Exercise brief
The reply is a verbatim copy of the listing below with its images dropped.

Supplied information
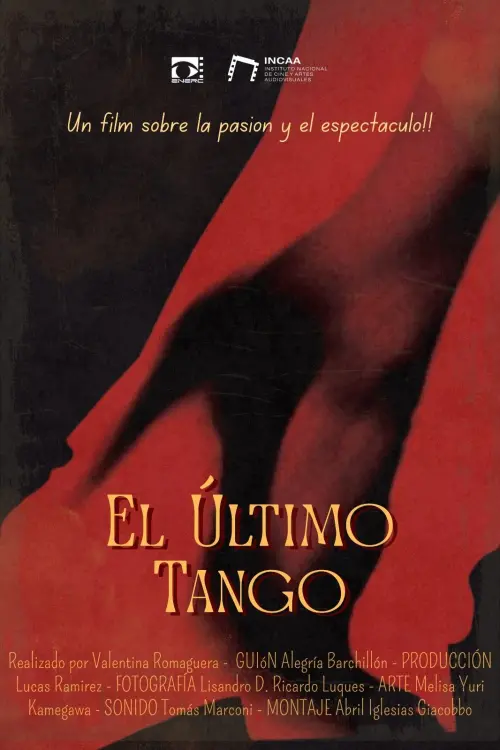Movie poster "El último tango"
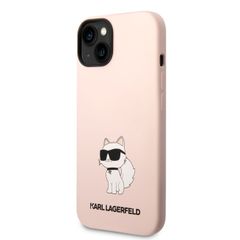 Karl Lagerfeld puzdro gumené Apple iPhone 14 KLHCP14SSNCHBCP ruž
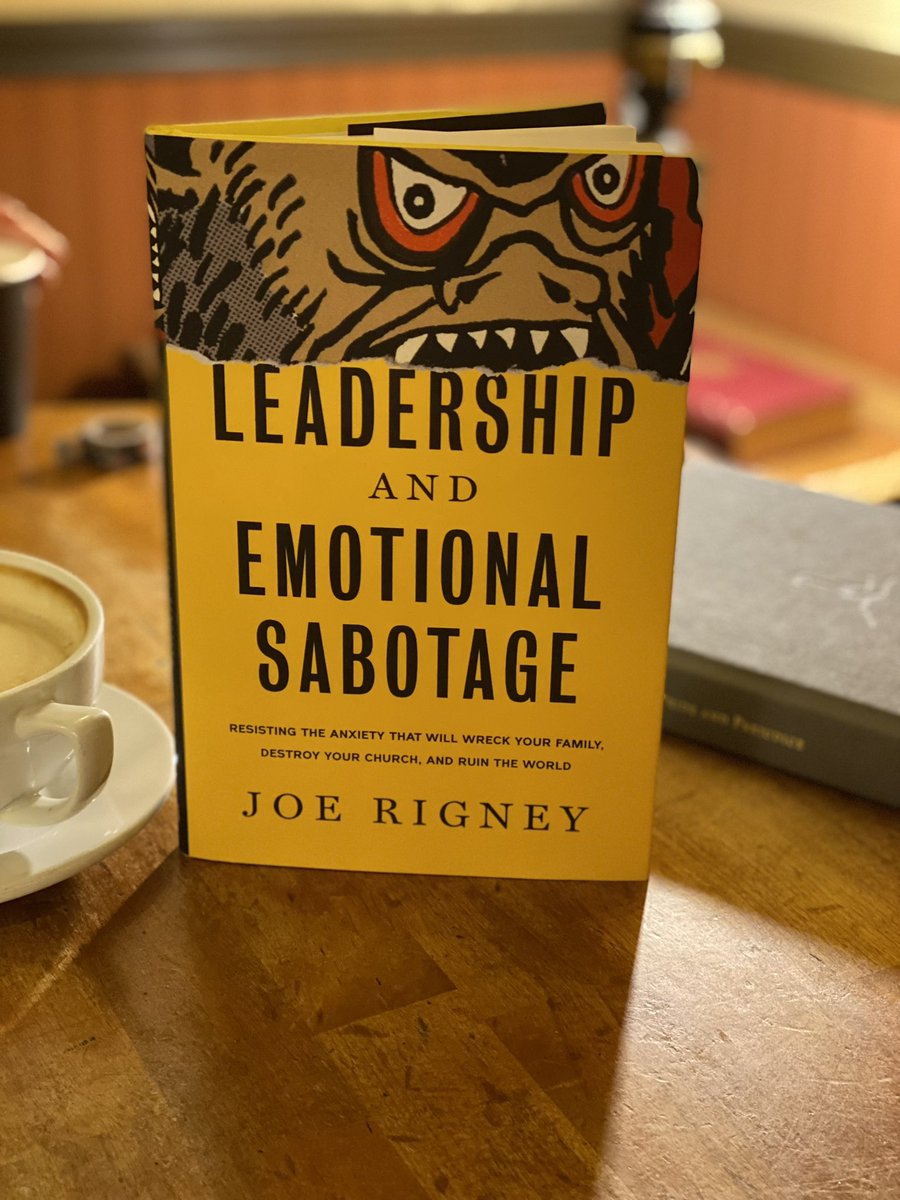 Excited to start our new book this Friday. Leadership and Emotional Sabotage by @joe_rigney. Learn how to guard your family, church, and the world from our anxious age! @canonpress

Solution for this problem
Movie poster "El último tango"
 Karl Lagerfeld puzdro gumené Apple iPhone 14 KLHCP14SSNCHBCP ruž
 Excited to start our new book this Friday. Leadership and Emotional Sabotage by @joe_rigney. Learn how to guard your family, church, and the world from our anxious age! @canonpress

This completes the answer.